のちにわかるように, ここで定義した \( \omega \) は角振動数という意味を持つ量で単振動を特徴づける量であり, 振動周期 \( T \) と \( T=\frac{2\pi}{\omega} \) という関係にある. また, \( x_{0} \) も単振動の振動中心という単振動を特徴づける量である.
単振動の運動方程式
次式の運動方程式に従う物体は単振動を行う. \[ \begin{aligned} m \dv[2]{x}{t} \coloneqq& – K \qty( x – x_{0} ) \\ \iff \, \dv[2]{x}{t} =& – \omega^{2} \qty( x – x_{0} ) \quad \qty( \omega \coloneqq \sqrt{\frac{K}{m}} ) \end{aligned} \]単振動の変位, 速度, 加速度
単振動の運動方程式に従う運動がどんな運動なのかをまずは示しておこう.
単振動の運動方程式\[ \begin{aligned} m \dv[2]{x}{t} \coloneqq& – K \qty( x – x_{0} ) \\ \iff \, \dv[2]{x}{t} =& – \frac{K}{m} \qty( x – x_{0} ) \end{aligned} \] が与えられたとき, 角振動数 \( \omega \) を \[\omega \coloneqq \sqrt{\frac{K}{m}} \notag \] と定義する.
任意定数を \( A \) , \( \alpha \) とすると単振動の平衡点 \( x_{0} \) からの変位 \( x- x_{0} \) は次式で与えられる. \[x – x_{0} = A \sin{\qty( \omega t + \alpha )} \quad . \notag \] 正弦関数 \( \sin{\qty( \omega t + \alpha )} \) は \[-1 \le \sin{\qty( \omega t + \alpha )} \le 1 \notag\] であり, 変位 \( x- x_{0} \) は \[-A \le \qty( x – x_{0} ) \le A \notag\] となる.

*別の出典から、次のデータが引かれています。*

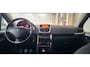 Peugeot 207 1.6 VTi Sublime Clima CruiseControl Nieuwe APK Garantie!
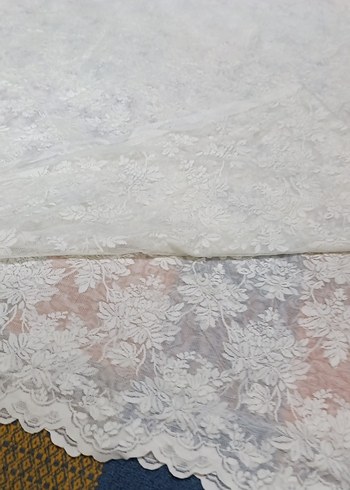 tül en 226 boy 242 - Görsel 2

これは単振動している物体の位置 \( x \) が \( x_{0} \) を中心にプラスマイナス \( A \) の範囲内であることを意味しており, \( A \) を単振動の振幅という.
この運動は三角関数で与えられていることからもわかるように周期性をもっており, その周期 \( T \) は正弦関数 \( \sin{\qty( \omega t + \alpha )} \) の周期 \[\omega T = 2 \pi \ \iff \ T = \frac{2\pi}{\omega} = 2 \pi \sqrt{\frac{m}{K} } \notag \] であることがわかる.

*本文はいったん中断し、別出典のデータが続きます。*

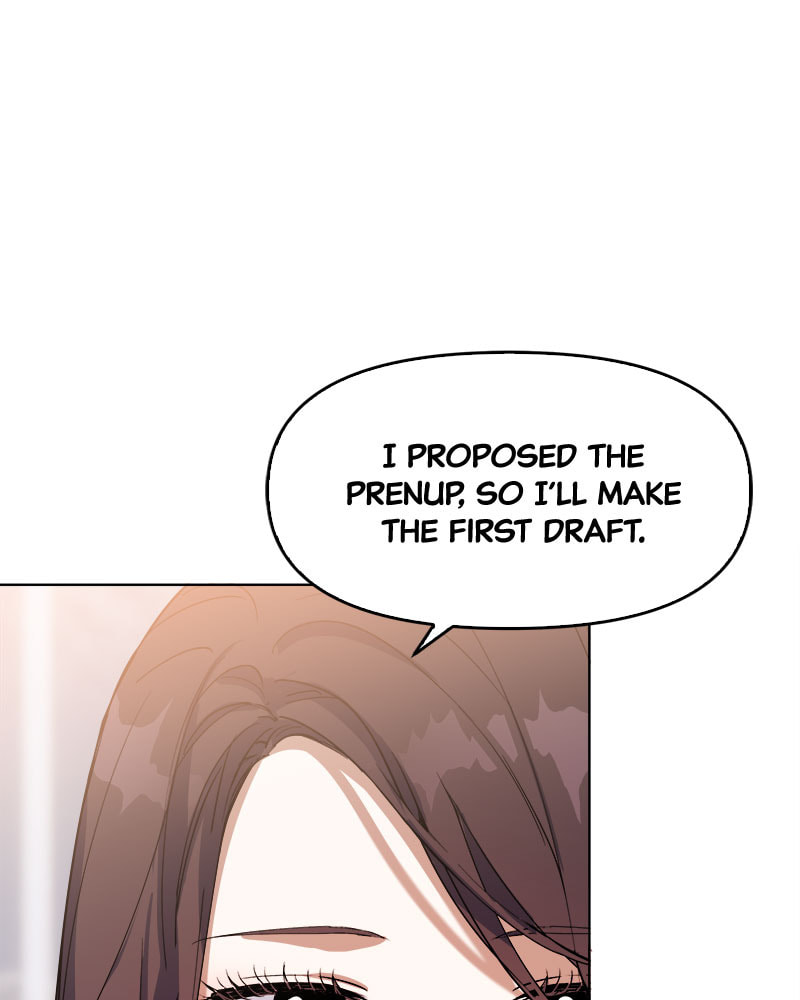 Read The Prenup chapter 9 image 47 on Lezhin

このように, 位置 \( x \) が \( x- x_{0}=A\sin{\qty( \omega t + \alpha )} \) である物体の速度 \( v \) , 加速度 \( a \) は, 三角関数の微分公式 \[\begin{aligned} \dv{\sin{\qty( \theta( t) )}}{t} &= \dv{ \theta}{t} \cos{\qty( \theta(t) )} \notag \\ \dv{\cos{\qty( \theta( t) )}}{t} &= – \dv{ \theta}{t} \sin{\qty( \theta(t) )} \notag \end{aligned}\] を用いて次式で与えられることになる. \[\begin{aligned} v &= \dv{x}{t} = A \omega\cos{\qty( \omega t + \alpha )} \\ a &= \dv[2]{x}{t} = – A \omega^{2} \sin{\qty( \omega t + \alpha )} \\ \therefore \ a &= – \omega^{2} \qty( x – x_{0} ) \end{aligned}\]
もっとも簡単な具体例として, 自然長 \( L \) , ばね定数 \( k \) の質量が無視できるばねの一端に質量 \( m \) の物体 \( P \) を接続し, もう一端を壁面に接続しなめらかな床面上で単振動させる. 壁面を原点 \( O \) とし, 右向きを \( x \) 軸の正方向, ばねと物体 \( P \) の接地点を \( x \) とすると, 物体 \( P \) の運動方程式は \[ \begin{aligned} m \dv[2]{x}{t} &= – k \qty( x – L ) \\ \iff \ \dv[2]{x}{t} &= – \frac{k}{m} \qty( x – L ) \end{aligned}\] で与えられ, 下図にはこの運動の様子を示した. 図には変位 \( \qty( x – L ) \) の他に, 速度 \( v \) , (加速度 \( a \) に比例する)復元力 \( F \) を描いている.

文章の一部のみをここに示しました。